Hard to believe it’s the end of an era. Tom Brady, the most accomplished and arguably the best quarterback in NFL history, has a new destination.
He will be taking his talents to Tampa Bay and joining the Buccaneers. On Tuesday morning, Brady, who will turn 43 this upcoming season, announced that he was departing the New England Patriots after 20 seasons in Foxborough, Massachusetts, where he won six Super Bowls, the most by any player in NFL history, in nine appearances, all under the ownership of Bob Kraft and head coach Bill Belichick.
I may have been a Cowboys fan since birth, but I vaguely remember when I was a kid and watching Brady win his first three Super Bowls in four years.
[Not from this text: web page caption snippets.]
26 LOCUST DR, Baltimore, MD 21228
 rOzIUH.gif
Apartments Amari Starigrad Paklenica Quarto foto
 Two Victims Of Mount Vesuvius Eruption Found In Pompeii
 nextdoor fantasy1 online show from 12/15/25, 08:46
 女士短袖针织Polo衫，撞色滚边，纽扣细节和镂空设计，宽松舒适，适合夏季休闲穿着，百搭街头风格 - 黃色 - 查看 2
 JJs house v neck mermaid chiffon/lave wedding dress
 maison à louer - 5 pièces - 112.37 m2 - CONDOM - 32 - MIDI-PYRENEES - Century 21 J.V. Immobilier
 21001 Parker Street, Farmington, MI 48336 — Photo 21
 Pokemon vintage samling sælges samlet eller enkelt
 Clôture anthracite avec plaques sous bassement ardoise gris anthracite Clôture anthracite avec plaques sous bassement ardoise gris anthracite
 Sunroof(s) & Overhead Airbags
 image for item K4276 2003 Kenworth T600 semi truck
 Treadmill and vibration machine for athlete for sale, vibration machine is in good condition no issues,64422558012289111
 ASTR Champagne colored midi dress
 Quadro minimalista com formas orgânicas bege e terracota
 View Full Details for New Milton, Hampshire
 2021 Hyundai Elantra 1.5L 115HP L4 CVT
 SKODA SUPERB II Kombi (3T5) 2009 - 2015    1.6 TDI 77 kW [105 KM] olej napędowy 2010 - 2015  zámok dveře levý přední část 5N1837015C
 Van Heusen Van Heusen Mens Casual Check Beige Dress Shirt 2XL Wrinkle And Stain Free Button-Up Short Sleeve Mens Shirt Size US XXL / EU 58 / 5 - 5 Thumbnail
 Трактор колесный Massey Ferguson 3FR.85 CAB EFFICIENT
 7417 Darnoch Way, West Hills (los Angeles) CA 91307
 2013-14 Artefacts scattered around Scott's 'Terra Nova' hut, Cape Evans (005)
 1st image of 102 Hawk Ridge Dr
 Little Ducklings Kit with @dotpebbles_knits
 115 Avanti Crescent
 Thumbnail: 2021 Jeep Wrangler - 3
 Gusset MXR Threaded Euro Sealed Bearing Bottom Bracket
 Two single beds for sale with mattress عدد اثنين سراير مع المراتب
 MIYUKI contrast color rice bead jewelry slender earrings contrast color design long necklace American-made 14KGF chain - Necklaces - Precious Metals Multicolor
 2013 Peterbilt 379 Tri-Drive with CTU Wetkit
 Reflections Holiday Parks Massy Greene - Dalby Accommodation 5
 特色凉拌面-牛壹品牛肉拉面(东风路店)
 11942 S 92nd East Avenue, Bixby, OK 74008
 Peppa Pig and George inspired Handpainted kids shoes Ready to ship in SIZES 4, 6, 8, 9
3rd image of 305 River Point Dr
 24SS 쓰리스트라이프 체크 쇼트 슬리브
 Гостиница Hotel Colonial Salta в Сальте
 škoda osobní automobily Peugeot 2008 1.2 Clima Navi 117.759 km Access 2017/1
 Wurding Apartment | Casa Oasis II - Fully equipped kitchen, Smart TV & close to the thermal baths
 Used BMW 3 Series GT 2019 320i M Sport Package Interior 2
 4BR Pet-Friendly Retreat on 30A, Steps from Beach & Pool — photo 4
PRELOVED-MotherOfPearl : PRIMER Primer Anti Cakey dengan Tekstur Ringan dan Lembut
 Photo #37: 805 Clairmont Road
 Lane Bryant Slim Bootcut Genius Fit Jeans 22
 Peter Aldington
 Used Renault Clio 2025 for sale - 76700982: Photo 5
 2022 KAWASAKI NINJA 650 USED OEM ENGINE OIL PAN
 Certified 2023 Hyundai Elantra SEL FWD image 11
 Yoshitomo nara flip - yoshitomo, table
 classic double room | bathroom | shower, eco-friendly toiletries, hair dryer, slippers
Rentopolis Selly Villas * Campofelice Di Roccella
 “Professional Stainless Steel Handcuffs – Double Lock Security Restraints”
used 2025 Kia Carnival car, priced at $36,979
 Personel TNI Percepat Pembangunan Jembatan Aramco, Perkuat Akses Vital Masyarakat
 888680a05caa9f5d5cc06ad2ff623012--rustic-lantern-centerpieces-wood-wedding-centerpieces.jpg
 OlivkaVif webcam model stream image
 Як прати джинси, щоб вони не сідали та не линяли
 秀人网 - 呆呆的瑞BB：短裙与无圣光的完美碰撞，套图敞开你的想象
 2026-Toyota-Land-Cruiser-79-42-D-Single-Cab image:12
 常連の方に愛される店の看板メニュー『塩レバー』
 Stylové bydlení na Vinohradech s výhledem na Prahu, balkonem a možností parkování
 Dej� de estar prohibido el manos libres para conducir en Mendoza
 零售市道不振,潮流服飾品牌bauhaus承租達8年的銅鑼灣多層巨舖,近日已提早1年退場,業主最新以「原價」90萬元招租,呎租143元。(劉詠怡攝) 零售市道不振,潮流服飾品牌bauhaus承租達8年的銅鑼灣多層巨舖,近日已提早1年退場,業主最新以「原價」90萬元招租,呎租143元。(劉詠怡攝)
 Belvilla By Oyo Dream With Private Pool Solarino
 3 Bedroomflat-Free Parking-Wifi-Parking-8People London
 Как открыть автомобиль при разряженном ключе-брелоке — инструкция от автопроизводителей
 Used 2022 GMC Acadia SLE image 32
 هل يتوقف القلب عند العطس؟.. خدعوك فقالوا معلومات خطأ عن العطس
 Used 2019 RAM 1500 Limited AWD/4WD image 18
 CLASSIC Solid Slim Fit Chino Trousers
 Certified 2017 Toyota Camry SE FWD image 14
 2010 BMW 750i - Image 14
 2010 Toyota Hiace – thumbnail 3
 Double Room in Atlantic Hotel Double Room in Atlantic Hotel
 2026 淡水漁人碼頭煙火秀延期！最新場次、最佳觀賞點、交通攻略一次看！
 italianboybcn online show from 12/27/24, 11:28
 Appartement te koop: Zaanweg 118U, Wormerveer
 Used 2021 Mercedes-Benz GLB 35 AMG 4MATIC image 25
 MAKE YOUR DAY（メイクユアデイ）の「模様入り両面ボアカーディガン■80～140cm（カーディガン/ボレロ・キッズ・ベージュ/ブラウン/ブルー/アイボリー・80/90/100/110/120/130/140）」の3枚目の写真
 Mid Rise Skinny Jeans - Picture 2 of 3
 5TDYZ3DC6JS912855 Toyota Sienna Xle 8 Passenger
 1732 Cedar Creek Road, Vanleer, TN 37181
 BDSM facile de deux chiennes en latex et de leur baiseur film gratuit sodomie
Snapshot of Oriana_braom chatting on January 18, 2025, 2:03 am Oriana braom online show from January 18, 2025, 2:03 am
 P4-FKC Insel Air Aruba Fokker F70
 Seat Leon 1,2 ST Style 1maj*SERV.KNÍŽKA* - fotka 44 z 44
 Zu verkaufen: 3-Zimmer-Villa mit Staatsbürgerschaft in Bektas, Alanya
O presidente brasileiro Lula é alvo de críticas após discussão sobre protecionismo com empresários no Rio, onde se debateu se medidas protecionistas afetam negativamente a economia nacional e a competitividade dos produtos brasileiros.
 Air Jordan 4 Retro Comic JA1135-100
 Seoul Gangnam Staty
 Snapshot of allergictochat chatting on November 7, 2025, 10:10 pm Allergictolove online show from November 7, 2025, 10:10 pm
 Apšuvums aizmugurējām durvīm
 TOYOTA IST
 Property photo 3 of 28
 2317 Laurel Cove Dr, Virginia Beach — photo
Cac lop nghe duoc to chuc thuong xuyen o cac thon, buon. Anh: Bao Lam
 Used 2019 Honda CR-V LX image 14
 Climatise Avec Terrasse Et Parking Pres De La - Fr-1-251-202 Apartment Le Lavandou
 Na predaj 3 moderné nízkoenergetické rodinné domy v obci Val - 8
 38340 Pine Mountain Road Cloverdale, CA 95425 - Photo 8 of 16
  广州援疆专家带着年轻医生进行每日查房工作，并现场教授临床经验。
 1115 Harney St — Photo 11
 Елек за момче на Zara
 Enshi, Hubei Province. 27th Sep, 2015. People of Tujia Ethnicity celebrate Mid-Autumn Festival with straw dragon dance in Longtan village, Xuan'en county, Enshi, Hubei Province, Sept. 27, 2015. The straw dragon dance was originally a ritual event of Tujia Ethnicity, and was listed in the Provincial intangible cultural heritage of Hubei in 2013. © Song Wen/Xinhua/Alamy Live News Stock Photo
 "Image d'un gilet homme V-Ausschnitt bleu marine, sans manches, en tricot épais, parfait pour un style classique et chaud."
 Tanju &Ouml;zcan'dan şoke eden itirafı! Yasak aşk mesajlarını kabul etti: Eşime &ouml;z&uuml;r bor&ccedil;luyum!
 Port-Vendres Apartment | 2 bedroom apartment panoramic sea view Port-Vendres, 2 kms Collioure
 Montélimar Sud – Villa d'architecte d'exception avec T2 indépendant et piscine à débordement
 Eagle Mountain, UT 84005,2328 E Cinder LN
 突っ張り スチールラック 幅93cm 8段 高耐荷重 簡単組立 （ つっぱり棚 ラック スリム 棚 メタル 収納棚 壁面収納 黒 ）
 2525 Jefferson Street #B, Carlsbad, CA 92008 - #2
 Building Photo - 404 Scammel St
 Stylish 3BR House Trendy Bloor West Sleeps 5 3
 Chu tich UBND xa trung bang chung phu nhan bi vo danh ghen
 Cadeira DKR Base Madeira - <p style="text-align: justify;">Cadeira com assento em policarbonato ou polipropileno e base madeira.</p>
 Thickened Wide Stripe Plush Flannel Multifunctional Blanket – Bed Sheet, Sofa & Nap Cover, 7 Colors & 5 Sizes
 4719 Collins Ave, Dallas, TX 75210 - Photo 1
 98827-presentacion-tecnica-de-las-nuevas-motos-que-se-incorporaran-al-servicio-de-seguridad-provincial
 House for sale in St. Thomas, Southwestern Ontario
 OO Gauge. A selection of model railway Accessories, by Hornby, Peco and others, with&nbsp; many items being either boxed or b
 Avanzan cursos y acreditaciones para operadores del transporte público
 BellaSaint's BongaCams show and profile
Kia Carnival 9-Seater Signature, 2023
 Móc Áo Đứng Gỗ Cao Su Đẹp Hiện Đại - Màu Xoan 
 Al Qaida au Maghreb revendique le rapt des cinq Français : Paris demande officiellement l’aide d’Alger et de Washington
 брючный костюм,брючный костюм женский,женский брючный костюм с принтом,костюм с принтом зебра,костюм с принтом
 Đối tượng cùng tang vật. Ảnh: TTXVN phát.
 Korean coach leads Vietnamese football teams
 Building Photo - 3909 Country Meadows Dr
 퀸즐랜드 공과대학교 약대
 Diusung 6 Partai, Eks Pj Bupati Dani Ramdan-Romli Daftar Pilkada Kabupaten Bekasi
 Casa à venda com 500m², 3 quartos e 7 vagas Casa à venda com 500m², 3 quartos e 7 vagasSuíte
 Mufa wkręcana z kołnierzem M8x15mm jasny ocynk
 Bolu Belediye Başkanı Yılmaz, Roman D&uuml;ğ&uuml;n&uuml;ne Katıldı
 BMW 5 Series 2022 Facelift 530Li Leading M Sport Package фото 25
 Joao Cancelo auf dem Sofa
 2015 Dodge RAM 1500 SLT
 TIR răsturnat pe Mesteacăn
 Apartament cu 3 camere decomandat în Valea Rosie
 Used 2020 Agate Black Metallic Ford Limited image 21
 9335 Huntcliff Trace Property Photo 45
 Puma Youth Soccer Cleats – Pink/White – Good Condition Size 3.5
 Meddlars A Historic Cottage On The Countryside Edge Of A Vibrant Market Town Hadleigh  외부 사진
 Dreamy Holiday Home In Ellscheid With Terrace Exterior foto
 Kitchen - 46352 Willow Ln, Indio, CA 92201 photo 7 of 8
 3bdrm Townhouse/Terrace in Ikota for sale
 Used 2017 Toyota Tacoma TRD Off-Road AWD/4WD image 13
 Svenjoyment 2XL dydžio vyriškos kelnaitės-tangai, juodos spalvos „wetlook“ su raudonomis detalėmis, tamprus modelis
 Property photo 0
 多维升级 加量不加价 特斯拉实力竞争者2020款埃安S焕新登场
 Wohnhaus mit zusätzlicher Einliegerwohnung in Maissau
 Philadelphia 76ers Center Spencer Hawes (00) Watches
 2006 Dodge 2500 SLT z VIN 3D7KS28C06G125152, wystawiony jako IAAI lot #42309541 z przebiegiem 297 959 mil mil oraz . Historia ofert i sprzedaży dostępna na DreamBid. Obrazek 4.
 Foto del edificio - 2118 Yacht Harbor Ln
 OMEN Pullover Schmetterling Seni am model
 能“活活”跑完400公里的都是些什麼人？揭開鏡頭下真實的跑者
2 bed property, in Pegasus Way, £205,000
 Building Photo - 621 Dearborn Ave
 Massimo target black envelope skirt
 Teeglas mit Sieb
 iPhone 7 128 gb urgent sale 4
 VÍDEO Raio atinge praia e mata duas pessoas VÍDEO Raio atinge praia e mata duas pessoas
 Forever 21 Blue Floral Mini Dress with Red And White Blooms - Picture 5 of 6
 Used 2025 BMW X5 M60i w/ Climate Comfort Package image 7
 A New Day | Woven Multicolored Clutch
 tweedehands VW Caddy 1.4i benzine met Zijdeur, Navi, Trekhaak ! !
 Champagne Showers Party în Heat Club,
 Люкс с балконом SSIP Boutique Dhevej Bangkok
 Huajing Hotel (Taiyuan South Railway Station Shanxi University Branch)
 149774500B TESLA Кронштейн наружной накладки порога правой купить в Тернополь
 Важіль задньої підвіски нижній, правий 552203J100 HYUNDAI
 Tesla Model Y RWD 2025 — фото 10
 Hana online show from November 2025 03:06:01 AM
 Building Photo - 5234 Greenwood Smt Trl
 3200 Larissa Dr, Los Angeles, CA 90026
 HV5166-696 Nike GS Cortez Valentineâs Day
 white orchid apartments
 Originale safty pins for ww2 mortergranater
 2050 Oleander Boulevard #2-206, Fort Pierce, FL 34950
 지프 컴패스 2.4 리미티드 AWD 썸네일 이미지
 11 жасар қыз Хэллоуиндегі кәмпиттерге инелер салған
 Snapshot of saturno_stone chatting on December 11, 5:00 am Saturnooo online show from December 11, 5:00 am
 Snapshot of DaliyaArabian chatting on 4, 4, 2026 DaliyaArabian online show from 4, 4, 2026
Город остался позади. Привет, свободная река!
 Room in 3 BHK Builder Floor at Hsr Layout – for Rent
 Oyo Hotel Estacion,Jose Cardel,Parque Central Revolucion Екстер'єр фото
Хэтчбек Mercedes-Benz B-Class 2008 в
That game-winning field goal by the one and only Adam Vinateiri against the Rams kickstarted one of the great dynasties in all of sports, including Alabama football under Nick Saban and the Spurs winning five NBA titles under coach Greg Popovich and Tim Duncan, with the latter four joined by Tony Parker and Manu Ginoblli.
Brady was the 199th overal pick in the 2000 NFL Draft out of Michigan, and he became a pupil under current QB Drew Bledsoe, who took New England to the Super Bowl against Brett Favre and the Packers a few years earlier. When Bledsoe went down during the 2001 season, Brady’s second year, it looked grim, but little did the Pats know that the young man out of Ann Arbor would take them to new heights.
For the next two decades, the Patriots became the team to beat for everyone, especially in the AFC conference.
Hours after announcing his departure from the Pats, he agreed on a deal that would pay him roughly $30 million a year to play under Bruce Arians and have tons of offensive skill players such as tight end O.J. Howard, wide receivers Mike Evans and Chris Godwin and running back Ronald Jones.
With an offensive genius coach in Arians, who notably won Coach of the Year in Indianapolis as the interim coach taking over for Chuck Pogano, Brady has all the fixings that could help the Bucs break their playoff drought that dates back to 2007.
Tampa is hosting the Super Bowl this year, so why not try to break the curse and be the first host team to ever play in the big game.
With Brady leaving the AFC, it is officially time for East Texas native Patrick Mahomes to shine even brighter for the Kansas City Chiefs and run the conference. The former Whitehouse and Texas Tech star is looking to add even more hardware to his resume after winning a Super Bowl and the game’s MVP honor.
Yes, the Patriots may have had their controversies during the dynasty, from Spygate to Deflategate, and whether you love or hate Brady as a player, there is no denying what he has accomplished.
He may have not had a lot of help in his final season in New England, but this should be an opportunity to prove that he still has something left in the tank and begin a fresh new start down in Central Florida.